May 29, 2012

I Love My India: Rajasthani Papad Ki Sabji

Rajasthan - the land of the kings has been home for so many kingdoms historically. These kingdoms have left their mark on Rajasthan by building beautiful forts and palaces. Have you thought about how life would have been living inside these forts, villages and palaces. What would people do for entertainment since movies and Ipad were just not there then? How was the education for kids - did they still have to carry a truckload of stuff on their backs while going to school? How would these people travel everywhere - on camelbacks? On horses? 

Well, one thing I do know is that they all enjoyed great food. Have you seen that thali of food that Aish serves Hrithik aka Akbar in Jodhaa Akbar. What a feast!

Continuing my experimenting with Rajasthani food, the next recipe I have here to share with you all is Papad Ki Sabji. This traditional dish can be compared to a kadi and is a really easy dish to prepare. And of course, there's that point of who would have thought to use papad in a curry? Well, someone did and I'm just glad they did. 



Recipe starts with about 2 cups of sour dahi (curds).

Add
1/2 tsp turmeric powder
1 tsp red chilli powder
2 tsps coriander-jeera powder
Salt to taste

                                                                               


Whisk it all well together.



Now on to the papads, I used the Lijjat style masala papad. You can use regular urad papadums or rice papads.


Now one style of cooking Papad Ki Sabji is to just add the raw papads in the dahi mix and cook it together.

You could also roast them like I did here or fry them in oil and then add them to the kadi. Totally your choice.



Now that my papads are ready, let's move on to making the kadi.

In a wide pan, add a tsp of oil and then when the oil is hot, add a tsp of jeera. And then add a cup of finely chopped onions. Fry till they turn pink.

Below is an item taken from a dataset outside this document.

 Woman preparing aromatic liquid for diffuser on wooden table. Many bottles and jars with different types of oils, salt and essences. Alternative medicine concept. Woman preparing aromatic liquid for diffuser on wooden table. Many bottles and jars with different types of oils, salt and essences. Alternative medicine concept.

Reduce the heat on the pan, and slowly mix in the dahi mixture a little at a time and at the same time keep stirring it so that the curds don't curdle or separate.


Cook this mix in low medium for about 5-10 mins.

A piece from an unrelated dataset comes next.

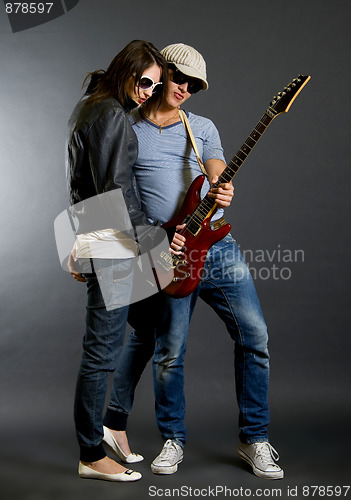 Image of playing guitar together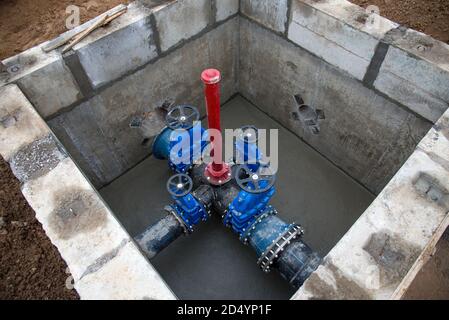 Schieber in der Schiebergrube der Erdleitungsnetze. Verlegung der Wasserleitung auf der Baustelle. Wasserleitung, Rohre in Graben Stockfoto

Add the roasted papads to the dahi mix.



Mix well and let this cook for a couple of mins.


Add some water to the sabji so its not too thick. Let it cook in medium heat for a few mins.


Almost done here. Wasn't that easy?

I was out of fresh cilantro. But if you do have it, chop them up nice and add to the sabji.


Who would have thought you could make one delicious sabji with papads? I think I'm going to start adding papads to more dishes from now - like on a mixed vegetable curry, or a aloo gobi sabji. I'm sure these papads would add flavor, texture and interest to those dishes.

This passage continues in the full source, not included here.